-- Recorded information follows --

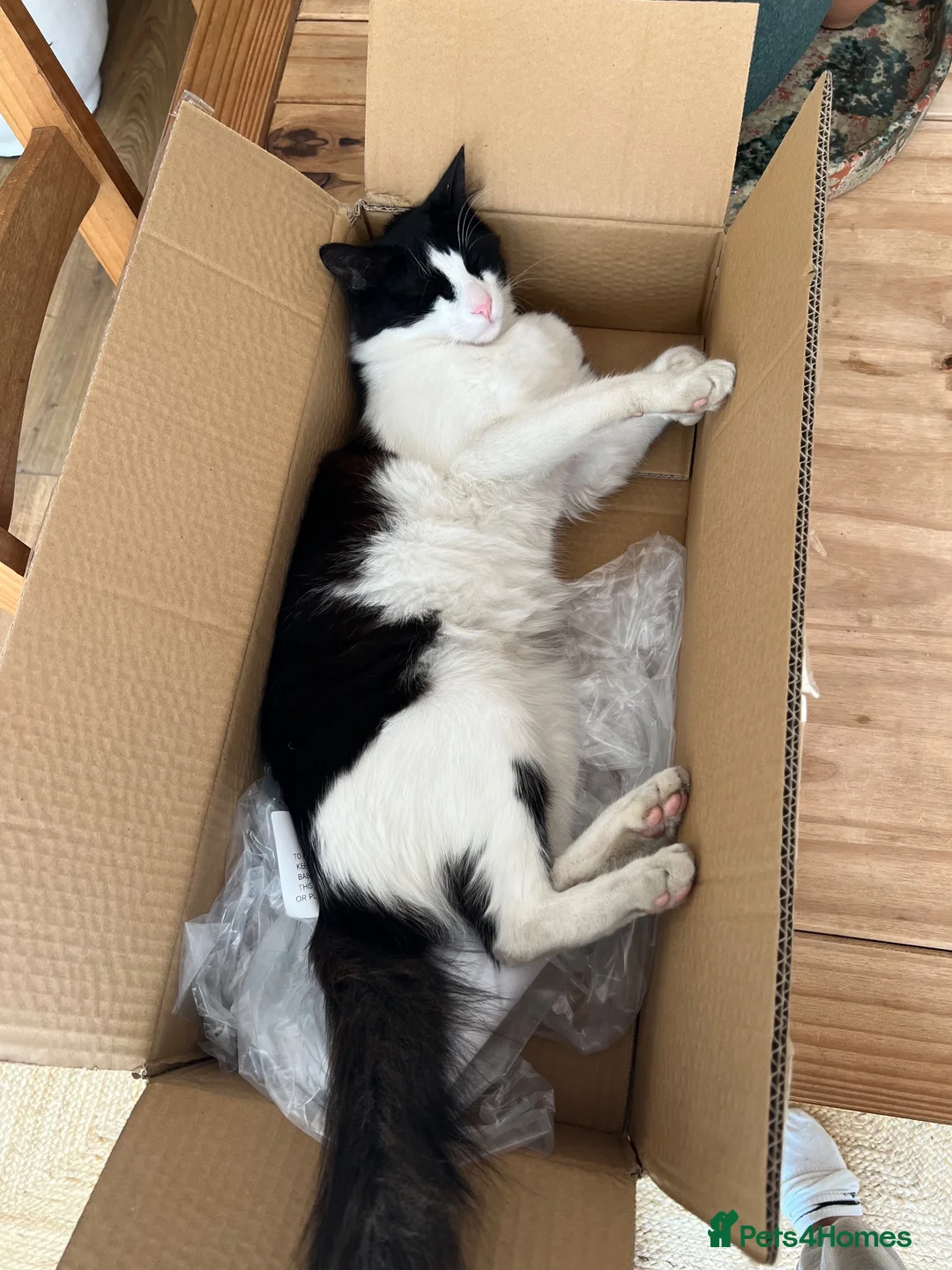 Turkish Angora cats for sale: Lucky  in Wishaw - Advert 6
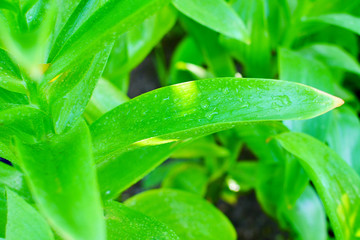 Green leaf flower with water drops. Abstract background of green leaves.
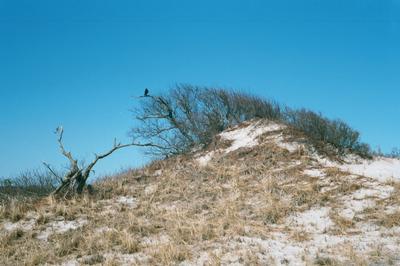 Une dune de Surf-side Beach, à Nantucket (16 avril 2001)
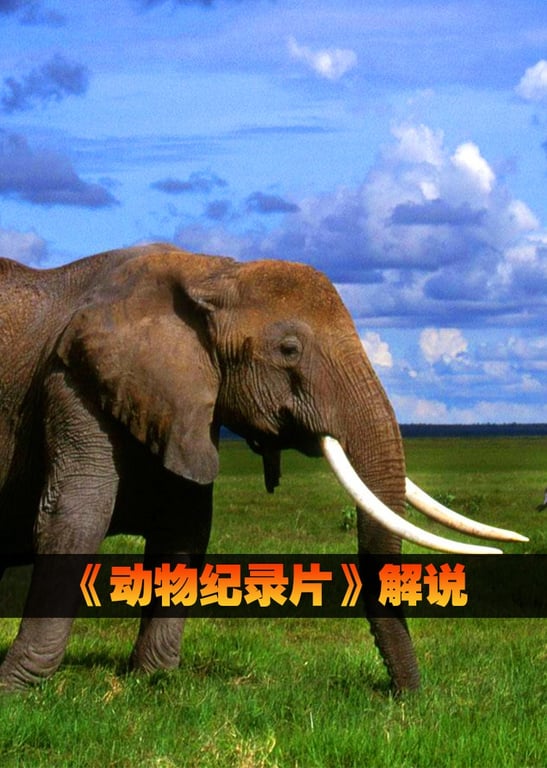 《动物纪录片》解说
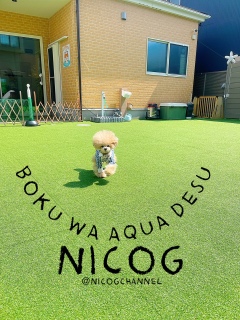 �ǁ[���Ƃ��X�̕������߂Ă�������style�H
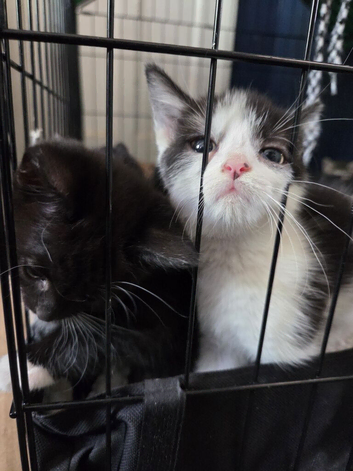 Cuddly kittens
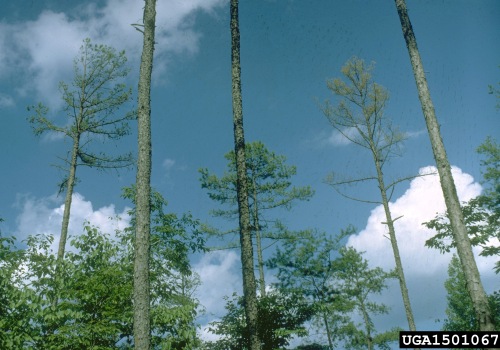How are tree diseases spread?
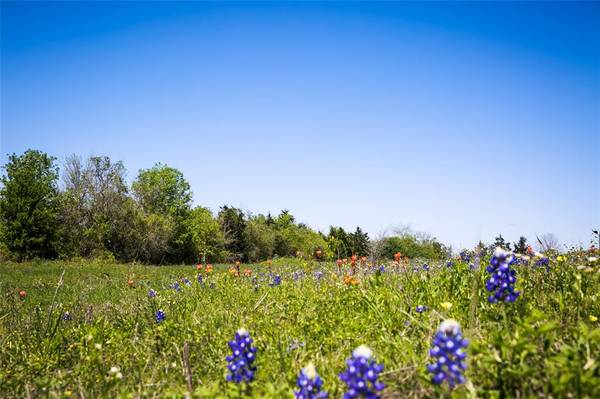 Tracts 1, 2 & 3 Caney Creek Rd, Chappell Hill, TX 77426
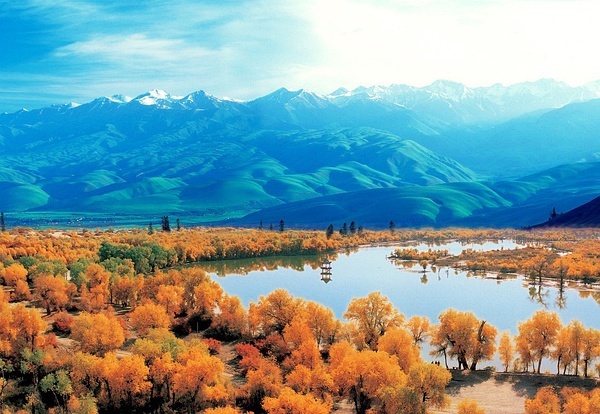 新疆,多元文化交融的瑰宝之地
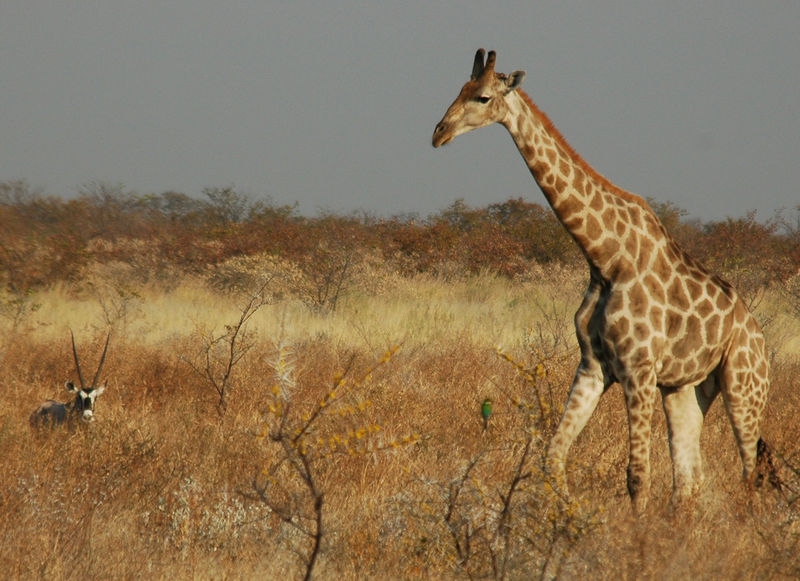 File:Namibie Etosha Girafe.jpg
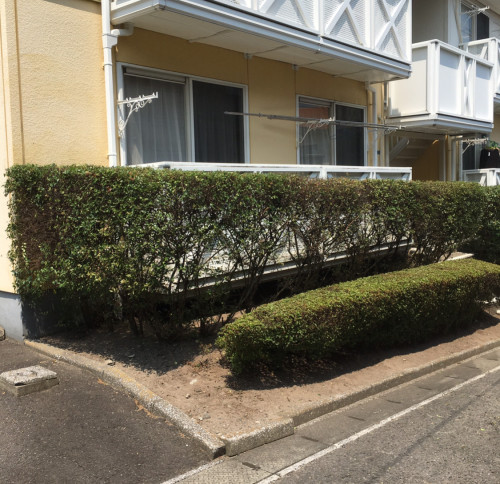 草刈り、剪定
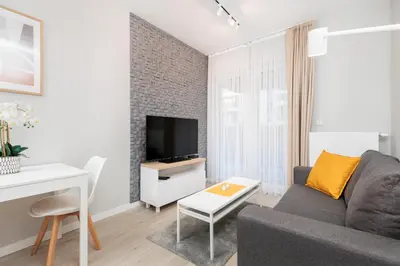 a living room with a gray couch and a tv at City of the Kings-Milford Sound in Kraków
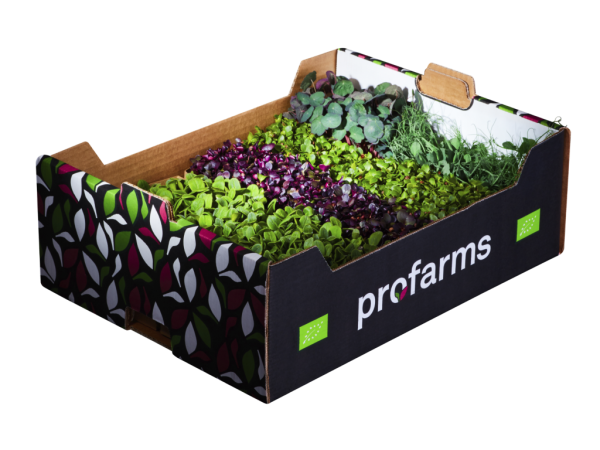 Microgreens (Sprossen), verschiedene Sorten - 1 Tasse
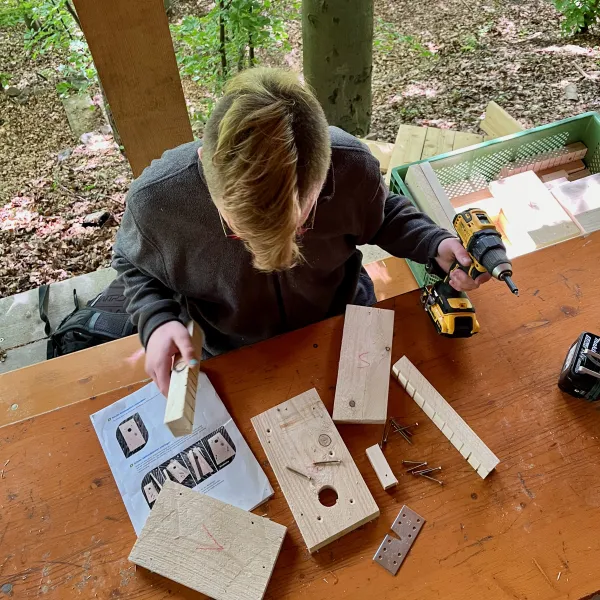 Die Anleitung zum Bilchkasten bauen lesend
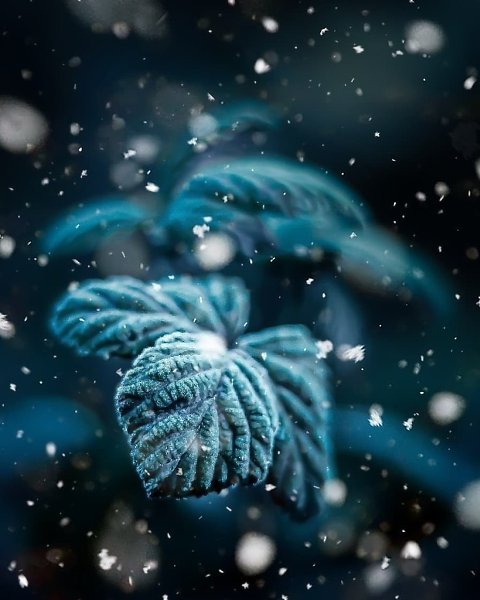 ��������� �� ����� � ������ ������ ���� �� ������������. � ������ ������� - 2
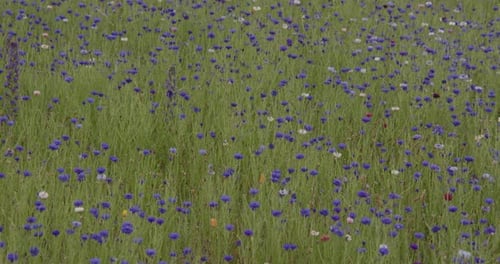 Plan large de bleuets bleus dans l'herbe.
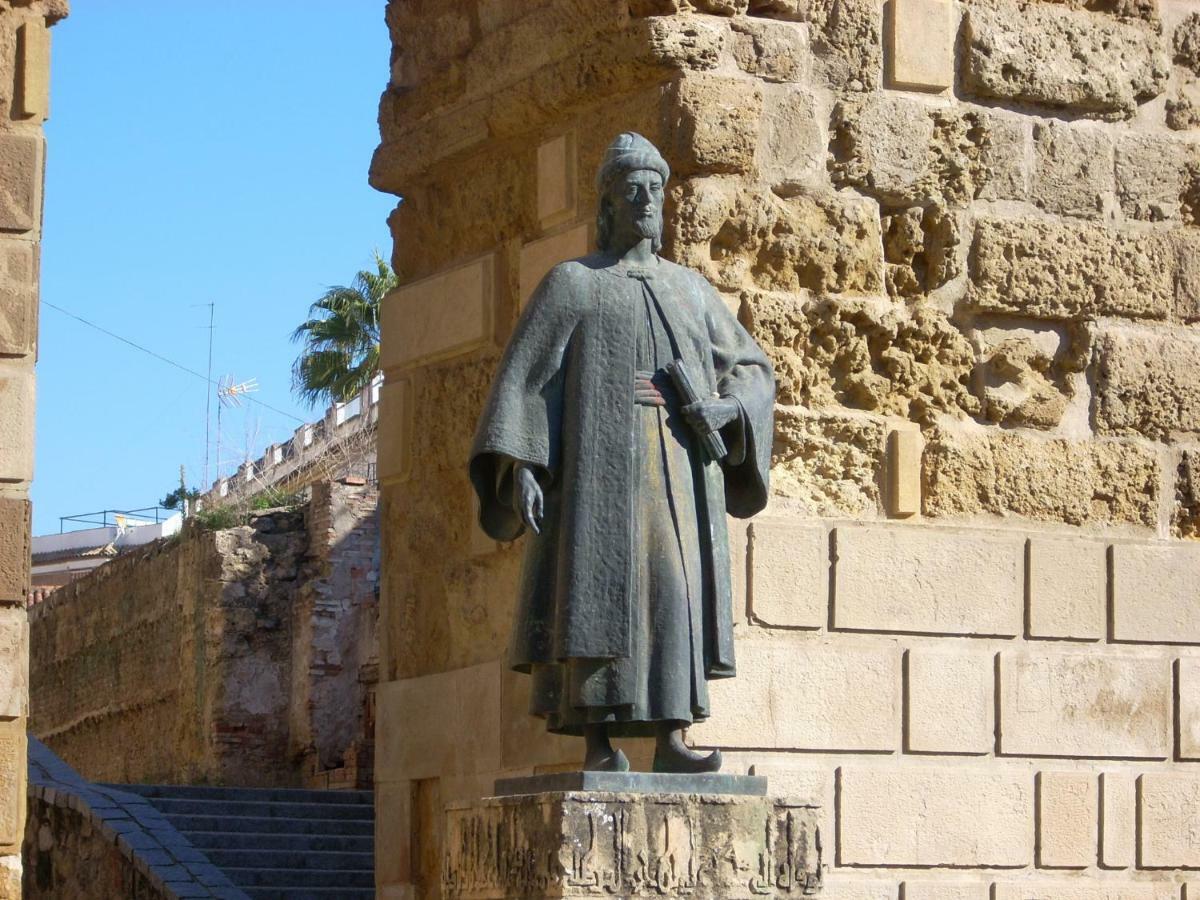 Nuevo Sueño Del Alcazar Córdoba
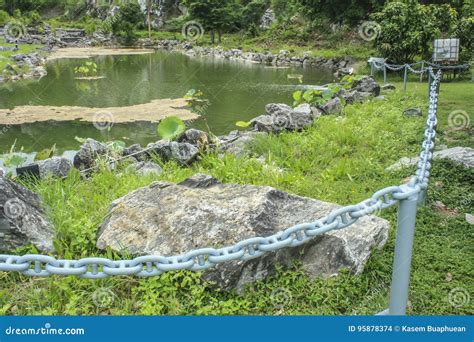 Rock Garden and Pond Beautiful Background Stock Photo - Image of park ...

-- Recorded information concluded --

Activity:
Repeat the records word for word. Any picture in them should be left out.

Expected answer:
 Turkish Angora cats for sale: Lucky  in Wishaw - Advert 6
 Green leaf flower with water drops. Abstract background of green leaves.
 Une dune de Surf-side Beach, à Nantucket (16 avril 2001)
 《动物纪录片》解说
 �ǁ[���Ƃ��X�̕������߂Ă�������style�H
 Cuddly kittens
How are tree diseases spread?
 Tracts 1, 2 & 3 Caney Creek Rd, Chappell Hill, TX 77426
 新疆,多元文化交融的瑰宝之地
 File:Namibie Etosha Girafe.jpg
 草刈り、剪定
 a living room with a gray couch and a tv at City of the Kings-Milford Sound in Kraków
 Microgreens (Sprossen), verschiedene Sorten - 1 Tasse
 Die Anleitung zum Bilchkasten bauen lesend
 ��������� �� ����� � ������ ������ ���� �� ������������. � ������ ������� - 2
 Plan large de bleuets bleus dans l'herbe.
 Nuevo Sueño Del Alcazar Córdoba
 Rock Garden and Pond Beautiful Background Stock Photo - Image of park ...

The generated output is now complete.